§ WHAT YOU WILL DO
Leave the pictures out. Retype exactly the lines below from the one containing "123 Pintail Ln, Hallsville, TX 75650" through the one containing "2010 white /tan", and no others.

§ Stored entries
────────────────────

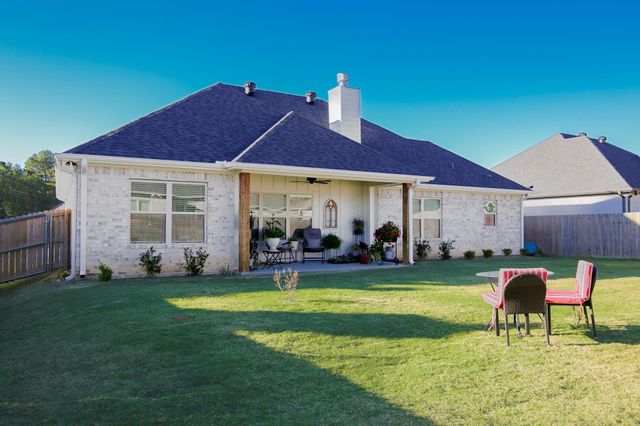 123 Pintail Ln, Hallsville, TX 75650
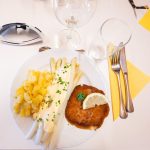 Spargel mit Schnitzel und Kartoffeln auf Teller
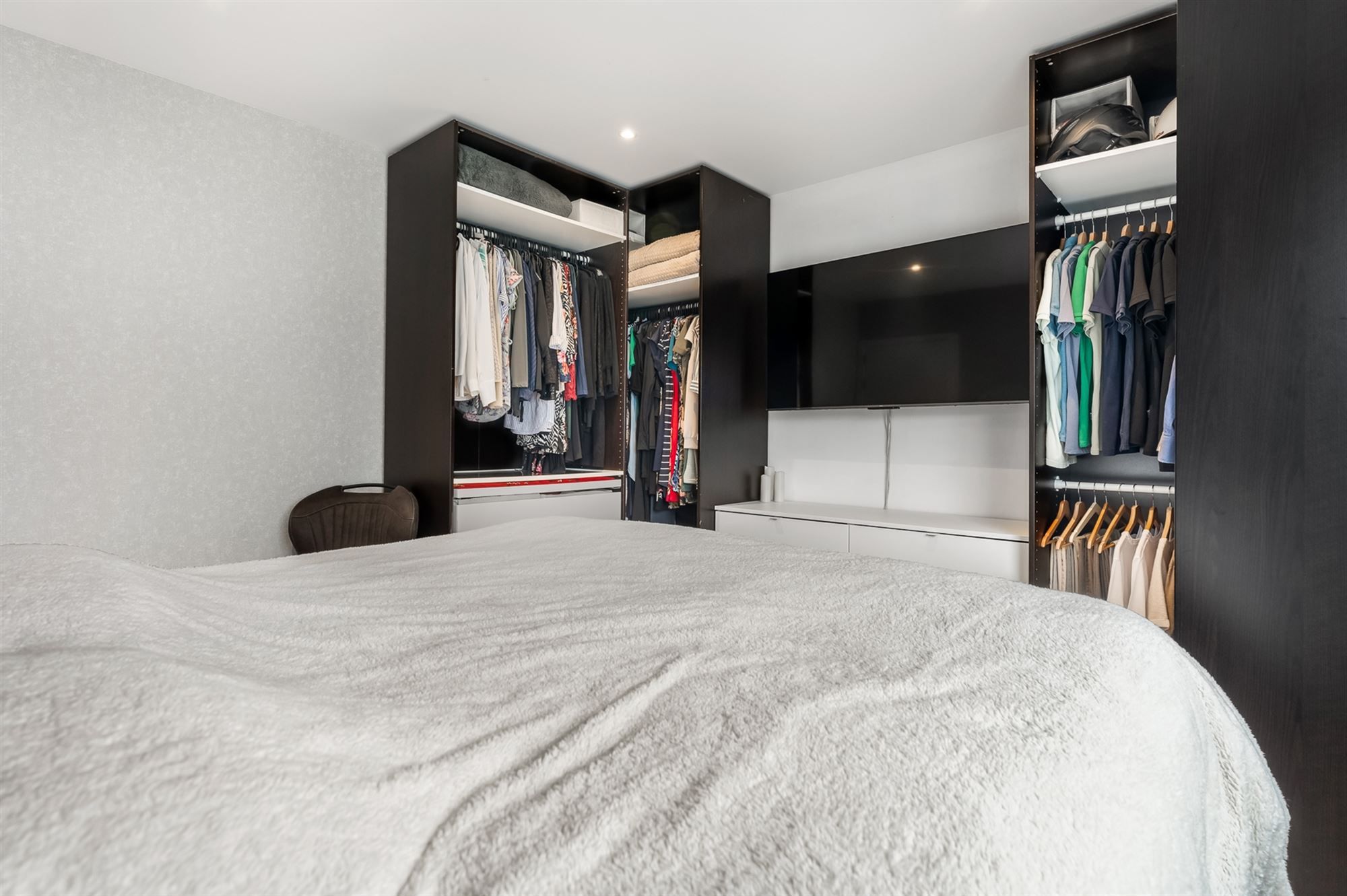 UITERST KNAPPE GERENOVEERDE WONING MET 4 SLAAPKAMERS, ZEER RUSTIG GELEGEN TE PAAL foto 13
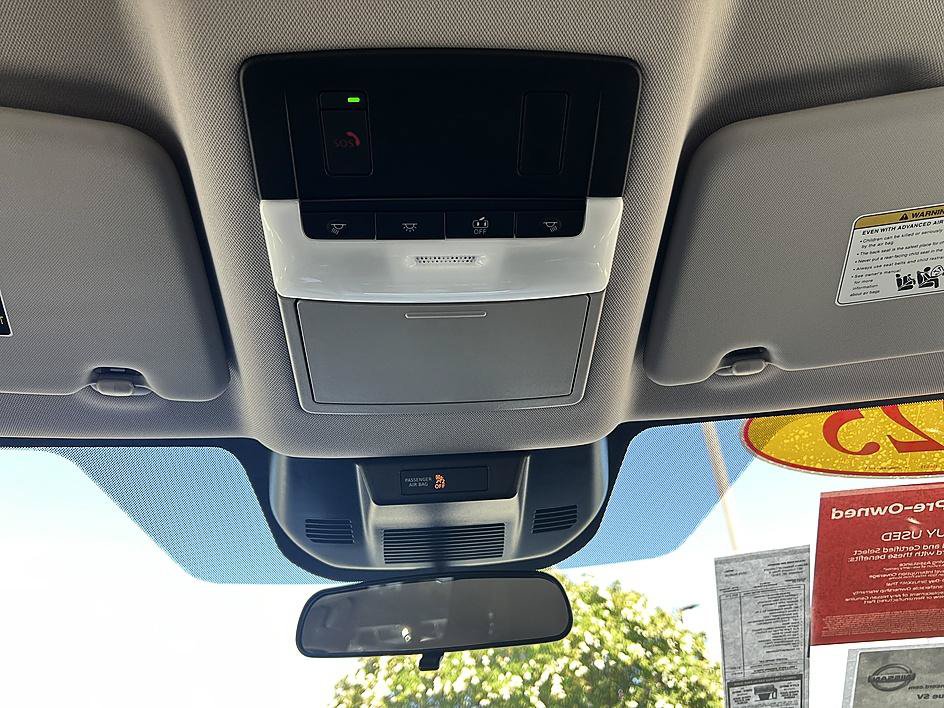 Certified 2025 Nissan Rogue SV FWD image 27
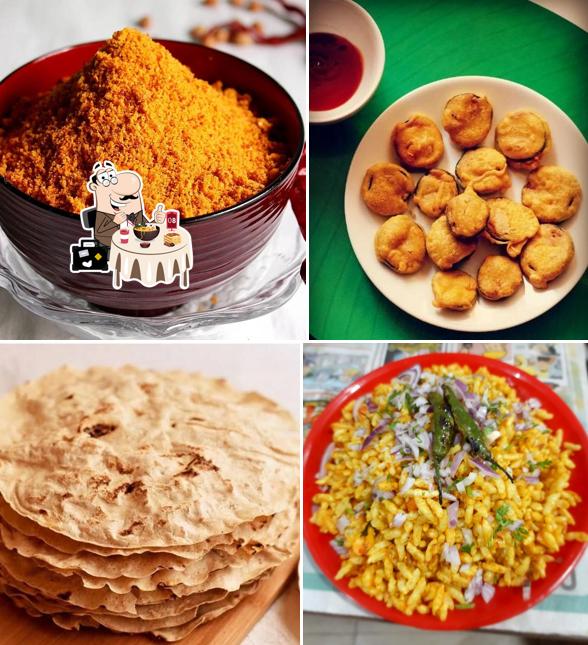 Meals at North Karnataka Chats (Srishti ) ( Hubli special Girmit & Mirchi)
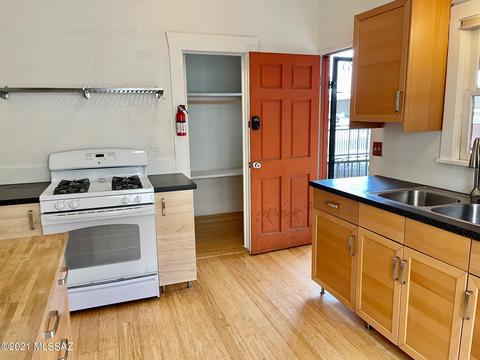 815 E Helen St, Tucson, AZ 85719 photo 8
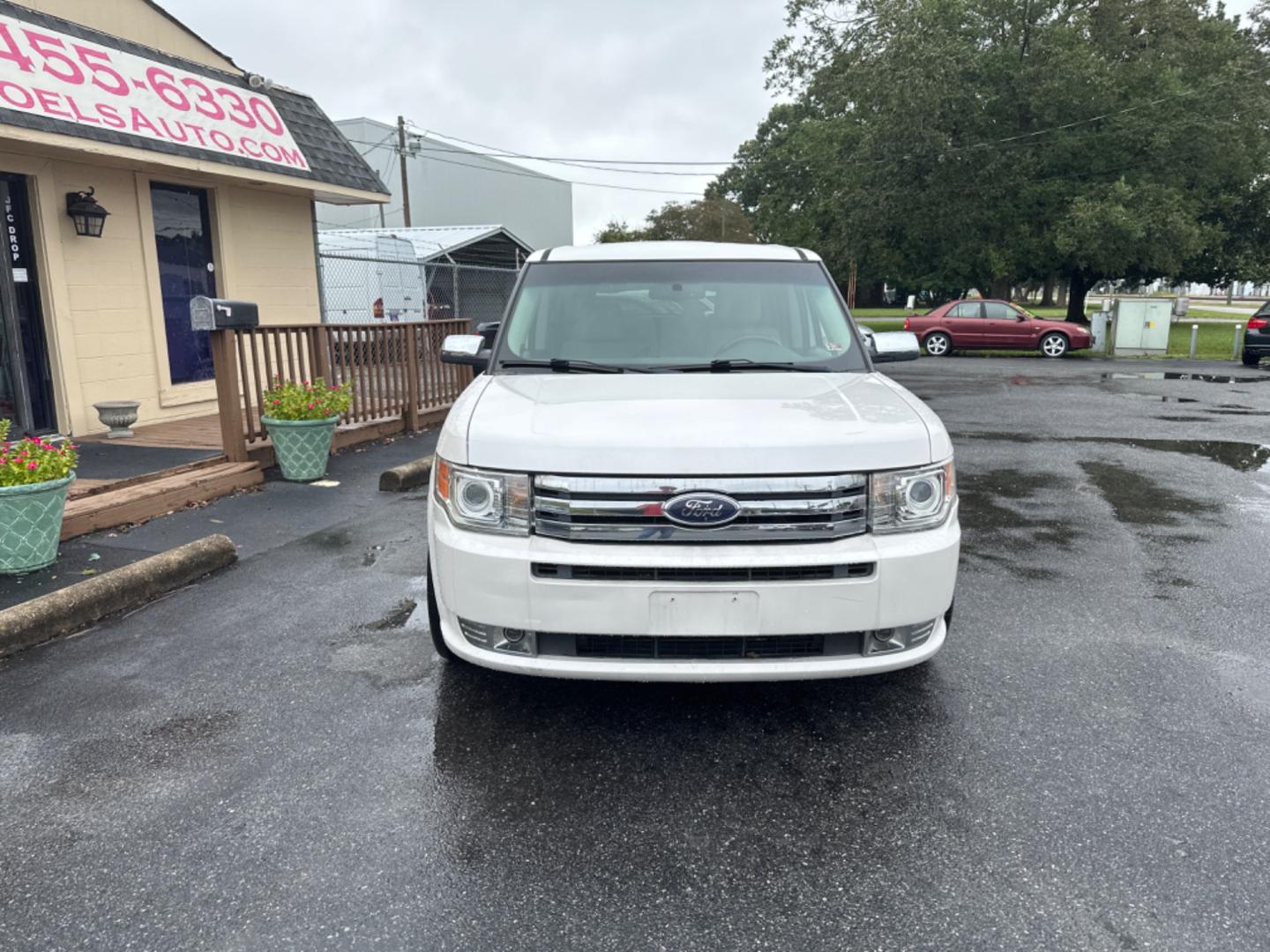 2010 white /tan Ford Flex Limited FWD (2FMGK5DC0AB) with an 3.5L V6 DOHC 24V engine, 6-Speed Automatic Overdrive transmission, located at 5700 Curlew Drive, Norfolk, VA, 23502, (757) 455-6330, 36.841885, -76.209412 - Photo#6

────────────────────

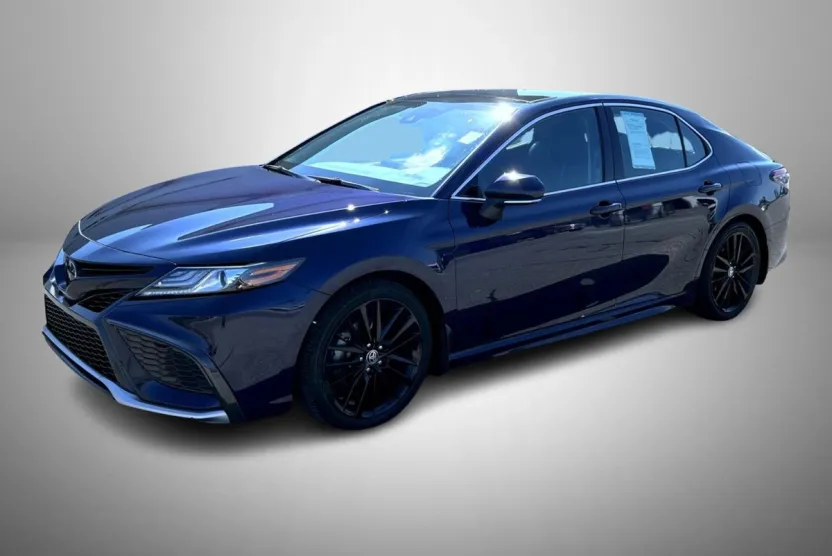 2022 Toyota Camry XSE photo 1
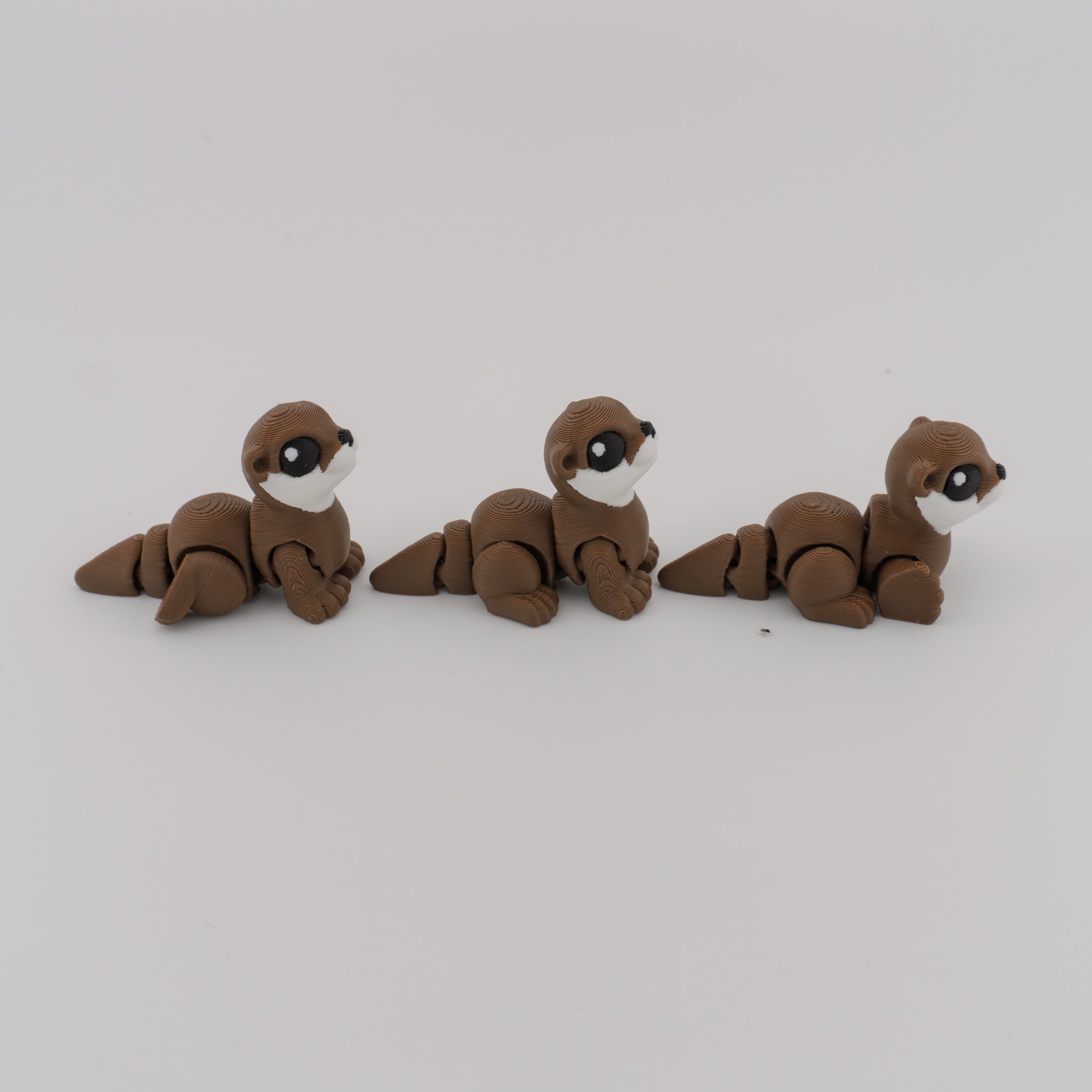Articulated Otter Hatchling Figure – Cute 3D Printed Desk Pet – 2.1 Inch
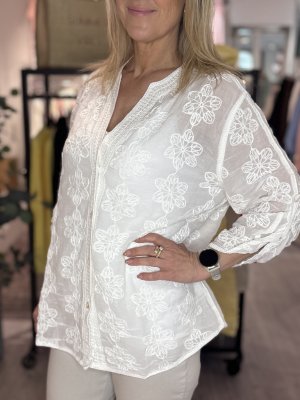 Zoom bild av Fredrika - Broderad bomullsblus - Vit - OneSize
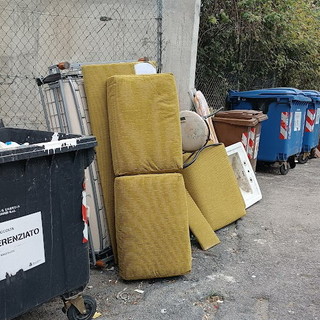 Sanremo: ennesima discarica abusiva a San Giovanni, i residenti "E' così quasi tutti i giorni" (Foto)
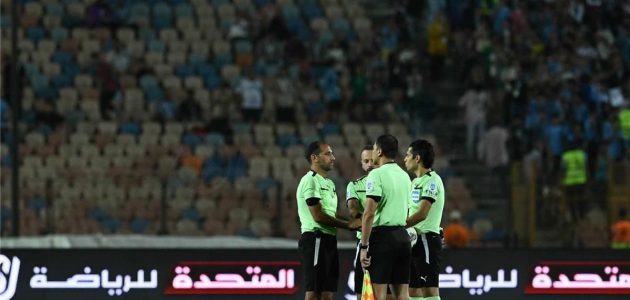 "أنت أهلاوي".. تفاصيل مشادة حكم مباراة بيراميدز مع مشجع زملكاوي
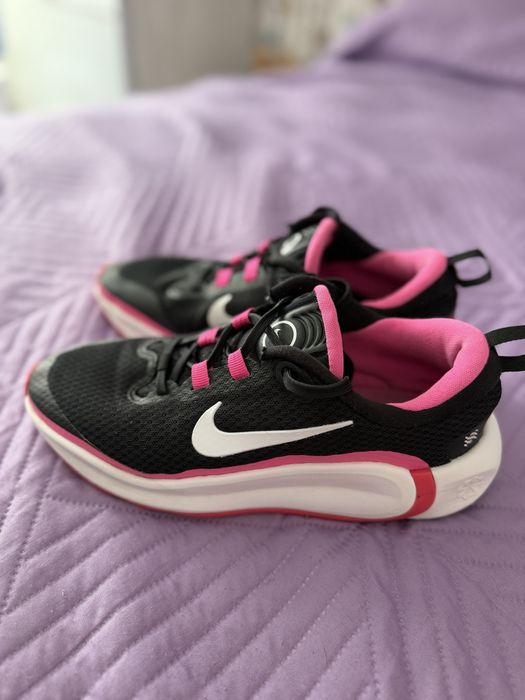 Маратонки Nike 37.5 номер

────────────────────

§ EXERCISE ANSWER
 123 Pintail Ln, Hallsville, TX 75650
 Spargel mit Schnitzel und Kartoffeln auf Teller
 UITERST KNAPPE GERENOVEERDE WONING MET 4 SLAAPKAMERS, ZEER RUSTIG GELEGEN TE PAAL foto 13
 Certified 2025 Nissan Rogue SV FWD image 27
 Meals at North Karnataka Chats (Srishti ) ( Hubli special Girmit & Mirchi)
 815 E Helen St, Tucson, AZ 85719 photo 8
 2010 white /tan Ford Flex Limited FWD (2FMGK5DC0AB) with an 3.5L V6 DOHC 24V engine, 6-Speed Automatic Overdrive transmission, located at 5700 Curlew Drive, Norfolk, VA, 23502, (757) 455-6330, 36.841885, -76.209412 - Photo#6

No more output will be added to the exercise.